### SUPPLIED INFORMATION

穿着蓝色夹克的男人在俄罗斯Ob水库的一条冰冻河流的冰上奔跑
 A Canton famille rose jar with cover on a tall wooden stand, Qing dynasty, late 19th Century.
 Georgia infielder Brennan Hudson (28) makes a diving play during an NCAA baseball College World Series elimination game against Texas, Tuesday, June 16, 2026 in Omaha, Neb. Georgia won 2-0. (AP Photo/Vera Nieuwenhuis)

######

* _EXERCISE_:
The data should be copied out in full, exactly as it reads.

* _SOLUTION TO THE PROBLEM_:
穿着蓝色夹克的男人在俄罗斯Ob水库的一条冰冻河流的冰上奔跑
 A Canton famille rose jar with cover on a tall wooden stand, Qing dynasty, late 19th Century.
 Georgia infielder Brennan Hudson (28) makes a diving play during an NCAA baseball College World Series elimination game against Texas, Tuesday, June 16, 2026 in Omaha, Neb. Georgia won 2-0. (AP Photo/Vera Nieuwenhuis)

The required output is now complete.